Wednesday, November 25, 2015

I have now played one hour of Fallout 4

Granted, most of this time was spent on a really choppy framerate at low graphics quality because I, being a moron, did not have my computer set up properly. And by "did not have my computer set up properly," I mean "I plugged the monitor into the motherboard instead of the video card."

So, anyway

My character can finally aim!


This is huge. In neither Fallout 3 nor Fallout New Vegas are you actually capable of hitting anything not directly in front of you. This is an extremely obnoxious problem under any circumstance, and especially awful in a game where resources, such as, oh, say, ammunition, are extremely scarce. (Confession: I have cheated scads of ammo into my inventory just to finish the f*cking game.) No more. In Fallout 4, my character has finally learned how to shoot straight. It is wonderful.

And, yes, I get that her abject failure to aim was tied into the SPECIAL system, but... no, it wasn't. I had 9 Perception in 3, New Vegas, and now 4, and only in 4 can she reliably hit anything.

Yes, she. Protip: always play Bethesda games as a female. There's a really good chance there's a perk somewhere in there that lets you do more damage to the opposite sex, and enemy mooks tend to be men. Also, in 3, the Black Widow perk leads to an utterly hilarious dialogue option at the first town you visit.
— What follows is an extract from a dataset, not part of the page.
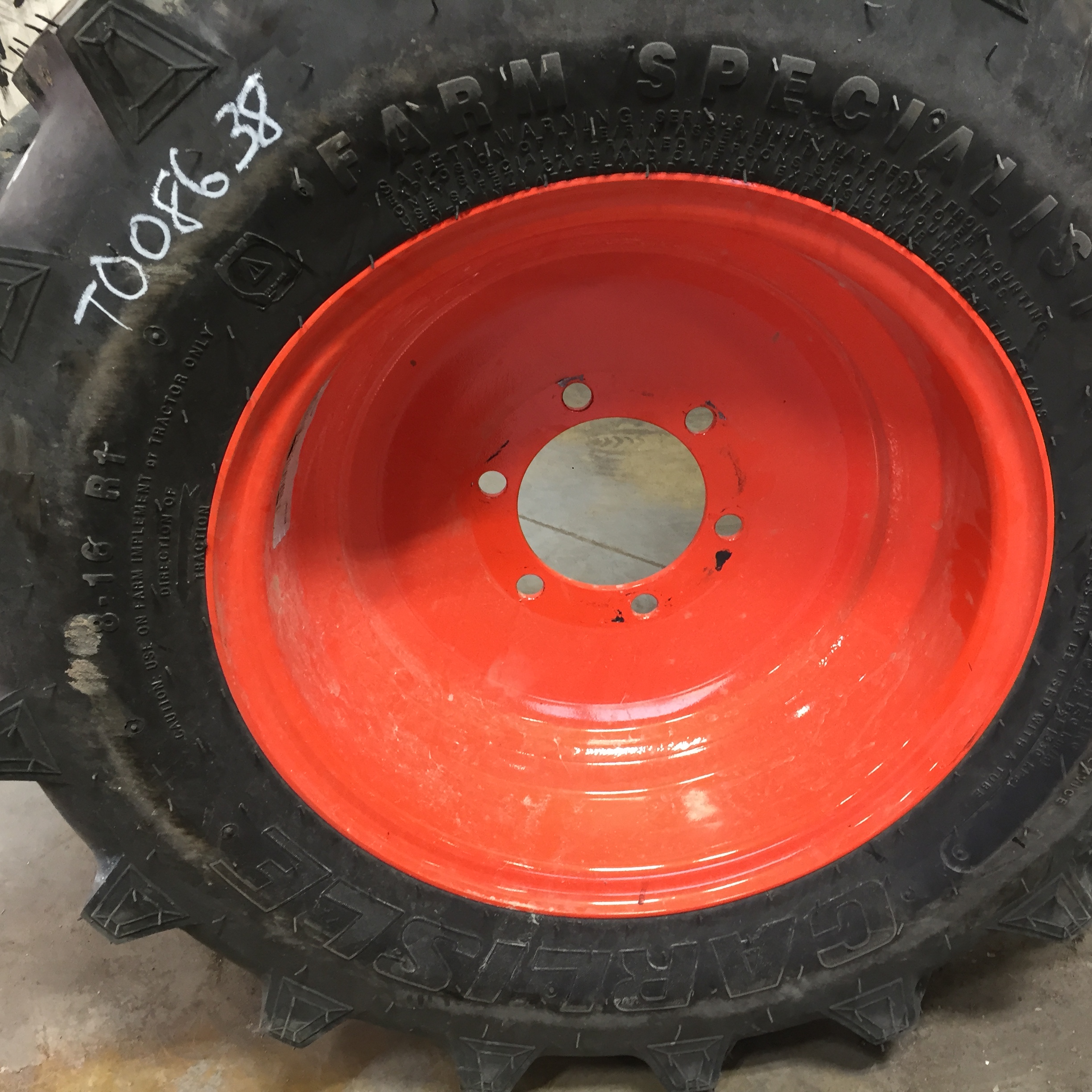 8/-16 Carlisle Farm Specialist R-1 Tire-Wheel Assembly T008638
Hey, speaking of the first town you visit, this game's tutorial is short. Like, really short. Like, half an hour, tops (and I spent probably five minutes of that dicking around trying to figure out what was wrong with my graphics settings because the framerate was awful - see above). In fact, Bethesda seems to kind of be on top of this whole notion that video games are not interactive movies. (Aside from Daggerfall, of course, and confession time again: I have never made it out of Daggerfall's tutorial dungeon!) Morrowind didn't have a tutorial dungeon, Oblivion and Skyrim's tutorials were rather short, Fallout 3's was a bit of a drag. But compare that to some of the other games I've played recently. Saints Row: The Third made you do three missions before letting you sandbox. Saints Row IV had, what, four? Mass Effect 3, probably the worst culprit of the lot, runs for nearly two hours before letting you control your ship.
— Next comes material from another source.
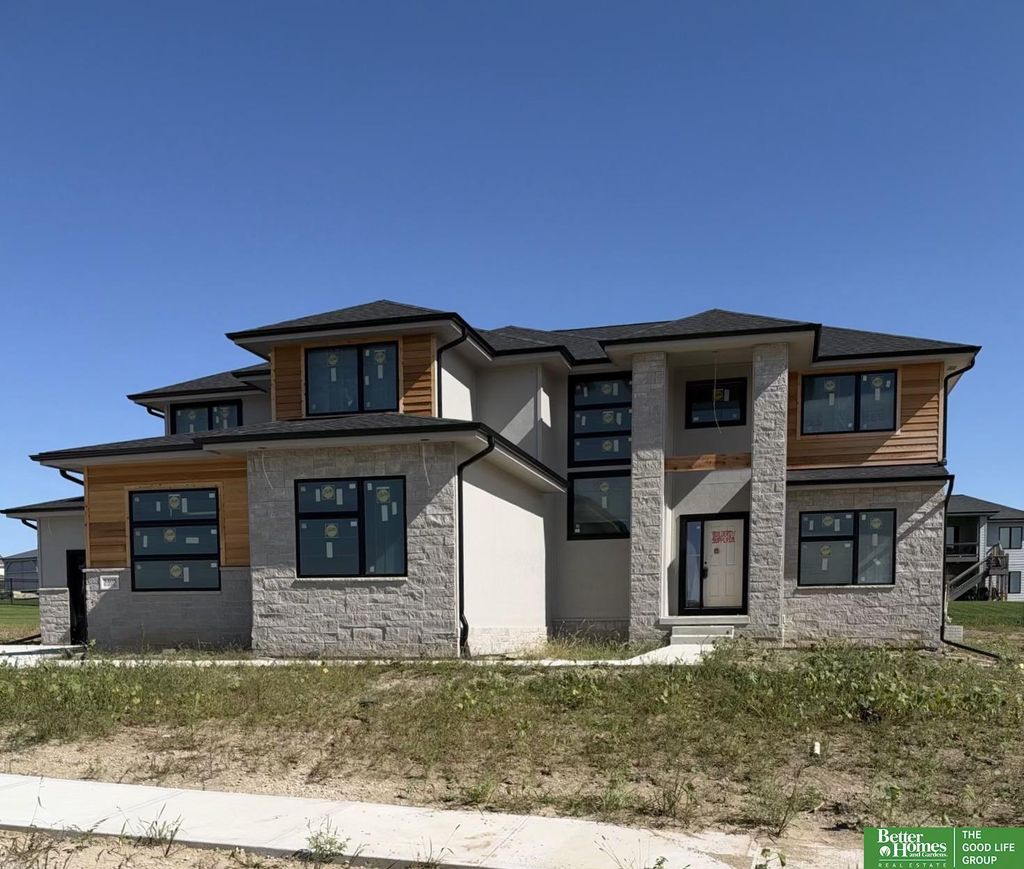 5405 N 197th Street, Elkhorn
Well, it's not all sunshine and radiation-soaked roses, alas. There are some flaws in this game. The control scheme is completely gonked compared to the previous one, so prepare to waste your stimpacks thinking you're doing something else. If you're in first-person mode, forget trying to aim; your crosshairs disappear and you have to use the gun's sights. Finally, a lot of the music is recycled from the previous game. Now, while mowing down raiders to the tune of "Civilization" will never get old, it does strain credulity to suggest that a disc jockey in Boston was able to recover the same exact songs as a DJ in DC.

Also, thank Atom my dog cannot die, as the thing seems to insist on jumping in front of my attacks with a zeal not even Lydia could match.